Task goal: Once you reach the line containing "Web hosting banner" in the data below, restate each line word for word up to and including the one containing "Light Green Pant".

Brief descriptive captions:
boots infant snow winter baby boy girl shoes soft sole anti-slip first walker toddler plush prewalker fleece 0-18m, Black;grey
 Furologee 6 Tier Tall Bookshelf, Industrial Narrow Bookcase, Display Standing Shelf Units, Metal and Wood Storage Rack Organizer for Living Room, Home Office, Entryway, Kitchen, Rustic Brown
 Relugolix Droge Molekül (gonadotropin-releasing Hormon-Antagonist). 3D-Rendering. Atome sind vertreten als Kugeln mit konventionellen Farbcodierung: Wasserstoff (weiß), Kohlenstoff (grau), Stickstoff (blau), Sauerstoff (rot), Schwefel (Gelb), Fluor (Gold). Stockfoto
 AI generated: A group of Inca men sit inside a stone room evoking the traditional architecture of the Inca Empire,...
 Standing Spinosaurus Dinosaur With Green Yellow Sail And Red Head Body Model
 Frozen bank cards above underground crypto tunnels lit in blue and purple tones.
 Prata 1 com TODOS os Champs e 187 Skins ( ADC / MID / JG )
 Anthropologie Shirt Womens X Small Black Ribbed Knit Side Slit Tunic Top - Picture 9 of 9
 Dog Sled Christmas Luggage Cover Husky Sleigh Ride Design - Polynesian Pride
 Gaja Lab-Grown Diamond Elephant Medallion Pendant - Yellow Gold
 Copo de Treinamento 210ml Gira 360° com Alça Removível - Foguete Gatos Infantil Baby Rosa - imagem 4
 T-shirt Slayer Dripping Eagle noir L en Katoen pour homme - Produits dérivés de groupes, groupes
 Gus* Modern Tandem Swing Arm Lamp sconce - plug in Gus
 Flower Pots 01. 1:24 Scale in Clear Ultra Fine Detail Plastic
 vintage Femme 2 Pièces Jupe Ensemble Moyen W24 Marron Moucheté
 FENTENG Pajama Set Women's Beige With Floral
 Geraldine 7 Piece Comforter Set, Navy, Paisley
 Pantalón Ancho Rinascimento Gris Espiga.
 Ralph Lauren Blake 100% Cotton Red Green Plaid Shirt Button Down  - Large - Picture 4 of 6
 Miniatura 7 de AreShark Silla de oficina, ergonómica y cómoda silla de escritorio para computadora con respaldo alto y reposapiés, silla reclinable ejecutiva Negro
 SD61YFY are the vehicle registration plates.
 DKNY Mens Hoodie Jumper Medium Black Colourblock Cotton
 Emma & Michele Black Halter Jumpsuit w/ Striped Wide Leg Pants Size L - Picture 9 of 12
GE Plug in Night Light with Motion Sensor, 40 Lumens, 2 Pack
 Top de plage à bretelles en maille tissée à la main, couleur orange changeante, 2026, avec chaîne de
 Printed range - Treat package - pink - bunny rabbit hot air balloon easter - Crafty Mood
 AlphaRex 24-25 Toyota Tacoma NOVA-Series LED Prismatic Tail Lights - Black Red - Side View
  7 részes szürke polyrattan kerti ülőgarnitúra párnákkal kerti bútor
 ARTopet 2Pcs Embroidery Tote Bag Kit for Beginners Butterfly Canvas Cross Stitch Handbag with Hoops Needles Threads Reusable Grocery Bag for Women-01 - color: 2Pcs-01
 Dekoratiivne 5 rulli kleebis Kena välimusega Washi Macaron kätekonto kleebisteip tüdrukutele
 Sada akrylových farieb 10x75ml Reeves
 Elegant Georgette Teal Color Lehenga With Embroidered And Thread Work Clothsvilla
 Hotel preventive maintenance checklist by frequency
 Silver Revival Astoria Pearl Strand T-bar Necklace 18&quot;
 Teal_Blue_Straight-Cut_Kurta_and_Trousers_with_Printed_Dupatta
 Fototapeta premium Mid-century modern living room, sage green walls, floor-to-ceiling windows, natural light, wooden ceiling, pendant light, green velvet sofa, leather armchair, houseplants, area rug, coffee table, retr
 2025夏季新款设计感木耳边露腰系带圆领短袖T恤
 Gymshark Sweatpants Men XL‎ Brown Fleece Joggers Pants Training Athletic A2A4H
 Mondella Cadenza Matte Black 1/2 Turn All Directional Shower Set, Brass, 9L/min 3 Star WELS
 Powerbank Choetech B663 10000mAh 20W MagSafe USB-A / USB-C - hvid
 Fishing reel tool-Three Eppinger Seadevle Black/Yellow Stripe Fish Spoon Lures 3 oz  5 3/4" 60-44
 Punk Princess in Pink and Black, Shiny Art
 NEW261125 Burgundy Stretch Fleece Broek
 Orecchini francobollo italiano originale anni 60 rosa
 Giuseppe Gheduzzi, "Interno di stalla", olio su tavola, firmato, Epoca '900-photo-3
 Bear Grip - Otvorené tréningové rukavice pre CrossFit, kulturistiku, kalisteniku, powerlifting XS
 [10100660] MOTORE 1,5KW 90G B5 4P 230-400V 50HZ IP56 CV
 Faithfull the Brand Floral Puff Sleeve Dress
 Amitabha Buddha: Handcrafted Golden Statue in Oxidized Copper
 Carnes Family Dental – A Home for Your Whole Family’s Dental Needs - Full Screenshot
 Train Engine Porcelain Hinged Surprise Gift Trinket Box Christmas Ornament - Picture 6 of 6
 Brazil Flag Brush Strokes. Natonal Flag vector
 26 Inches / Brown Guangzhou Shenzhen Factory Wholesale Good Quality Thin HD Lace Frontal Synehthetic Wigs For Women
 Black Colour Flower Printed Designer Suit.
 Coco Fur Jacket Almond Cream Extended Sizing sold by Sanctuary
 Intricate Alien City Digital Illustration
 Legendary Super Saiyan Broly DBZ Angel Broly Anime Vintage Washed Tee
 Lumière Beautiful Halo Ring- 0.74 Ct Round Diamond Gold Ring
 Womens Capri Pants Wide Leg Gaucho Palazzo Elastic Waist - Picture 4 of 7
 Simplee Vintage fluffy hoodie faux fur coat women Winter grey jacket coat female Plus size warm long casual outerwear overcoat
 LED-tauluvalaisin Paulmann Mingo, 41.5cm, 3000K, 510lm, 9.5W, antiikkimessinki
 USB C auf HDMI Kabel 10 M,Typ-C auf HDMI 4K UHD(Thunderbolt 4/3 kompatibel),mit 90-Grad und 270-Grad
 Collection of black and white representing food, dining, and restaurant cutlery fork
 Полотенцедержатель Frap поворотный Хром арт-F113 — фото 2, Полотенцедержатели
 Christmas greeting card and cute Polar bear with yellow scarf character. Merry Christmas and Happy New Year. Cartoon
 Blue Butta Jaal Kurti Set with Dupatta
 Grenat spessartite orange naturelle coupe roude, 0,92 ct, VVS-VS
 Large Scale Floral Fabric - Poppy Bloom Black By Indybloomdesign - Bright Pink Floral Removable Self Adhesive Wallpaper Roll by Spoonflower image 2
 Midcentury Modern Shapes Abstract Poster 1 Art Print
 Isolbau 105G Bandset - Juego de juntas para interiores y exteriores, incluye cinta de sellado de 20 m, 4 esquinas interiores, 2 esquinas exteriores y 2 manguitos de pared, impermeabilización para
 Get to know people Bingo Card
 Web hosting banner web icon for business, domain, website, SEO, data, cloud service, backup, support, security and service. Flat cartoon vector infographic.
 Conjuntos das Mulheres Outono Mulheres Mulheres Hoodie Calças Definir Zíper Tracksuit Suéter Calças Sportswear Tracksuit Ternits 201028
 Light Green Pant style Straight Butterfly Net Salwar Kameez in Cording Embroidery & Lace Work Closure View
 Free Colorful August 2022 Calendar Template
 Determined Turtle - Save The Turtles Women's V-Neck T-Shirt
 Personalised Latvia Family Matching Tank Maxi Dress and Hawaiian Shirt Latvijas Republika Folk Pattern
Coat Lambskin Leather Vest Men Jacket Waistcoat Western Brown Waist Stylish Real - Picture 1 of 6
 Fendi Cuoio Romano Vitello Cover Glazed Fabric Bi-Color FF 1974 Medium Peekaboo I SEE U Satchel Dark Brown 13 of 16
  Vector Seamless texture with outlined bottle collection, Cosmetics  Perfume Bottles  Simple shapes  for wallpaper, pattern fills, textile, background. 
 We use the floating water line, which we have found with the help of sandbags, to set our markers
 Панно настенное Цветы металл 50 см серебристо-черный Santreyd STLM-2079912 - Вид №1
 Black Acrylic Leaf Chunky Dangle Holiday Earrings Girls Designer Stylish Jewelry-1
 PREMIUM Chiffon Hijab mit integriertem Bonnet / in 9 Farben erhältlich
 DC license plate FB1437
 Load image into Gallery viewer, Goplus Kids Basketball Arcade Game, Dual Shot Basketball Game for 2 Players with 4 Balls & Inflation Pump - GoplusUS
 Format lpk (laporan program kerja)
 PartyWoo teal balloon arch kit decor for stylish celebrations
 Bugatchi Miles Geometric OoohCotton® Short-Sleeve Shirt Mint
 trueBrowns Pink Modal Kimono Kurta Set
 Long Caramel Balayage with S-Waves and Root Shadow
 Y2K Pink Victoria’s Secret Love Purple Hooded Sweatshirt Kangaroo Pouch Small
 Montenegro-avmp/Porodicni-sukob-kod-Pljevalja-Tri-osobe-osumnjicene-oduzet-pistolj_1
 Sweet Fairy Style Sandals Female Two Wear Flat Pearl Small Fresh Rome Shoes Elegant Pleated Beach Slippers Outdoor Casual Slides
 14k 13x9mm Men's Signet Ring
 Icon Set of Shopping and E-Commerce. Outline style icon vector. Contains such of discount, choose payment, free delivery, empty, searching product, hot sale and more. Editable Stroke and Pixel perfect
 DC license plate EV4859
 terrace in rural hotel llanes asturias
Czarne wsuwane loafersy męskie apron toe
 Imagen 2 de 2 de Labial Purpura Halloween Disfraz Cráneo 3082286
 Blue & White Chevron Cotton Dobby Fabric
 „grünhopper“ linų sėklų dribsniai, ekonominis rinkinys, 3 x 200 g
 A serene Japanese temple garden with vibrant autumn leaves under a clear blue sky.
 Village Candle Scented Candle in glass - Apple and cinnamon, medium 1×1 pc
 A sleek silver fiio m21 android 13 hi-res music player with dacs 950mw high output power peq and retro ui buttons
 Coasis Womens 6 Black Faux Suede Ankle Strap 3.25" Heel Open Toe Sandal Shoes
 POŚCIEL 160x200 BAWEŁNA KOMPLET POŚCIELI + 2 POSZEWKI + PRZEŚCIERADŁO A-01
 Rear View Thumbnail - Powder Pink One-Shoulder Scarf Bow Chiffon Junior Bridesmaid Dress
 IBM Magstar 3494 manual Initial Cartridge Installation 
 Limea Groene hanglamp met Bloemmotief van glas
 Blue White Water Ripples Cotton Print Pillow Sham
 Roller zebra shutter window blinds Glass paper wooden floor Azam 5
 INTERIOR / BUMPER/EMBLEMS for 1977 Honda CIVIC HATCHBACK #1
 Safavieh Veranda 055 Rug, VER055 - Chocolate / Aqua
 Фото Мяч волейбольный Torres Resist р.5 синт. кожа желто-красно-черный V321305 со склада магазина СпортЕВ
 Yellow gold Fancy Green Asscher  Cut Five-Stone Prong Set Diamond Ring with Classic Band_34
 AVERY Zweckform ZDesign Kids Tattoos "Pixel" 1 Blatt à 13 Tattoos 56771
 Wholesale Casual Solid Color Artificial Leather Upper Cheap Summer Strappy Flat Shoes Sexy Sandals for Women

Answer box:
 Web hosting banner web icon for business, domain, website, SEO, data, cloud service, backup, support, security and service. Flat cartoon vector infographic.
 Conjuntos das Mulheres Outono Mulheres Mulheres Hoodie Calças Definir Zíper Tracksuit Suéter Calças Sportswear Tracksuit Ternits 201028
 Light Green Pant style Straight Butterfly Net Salwar Kameez in Cording Embroidery & Lace Work Closure View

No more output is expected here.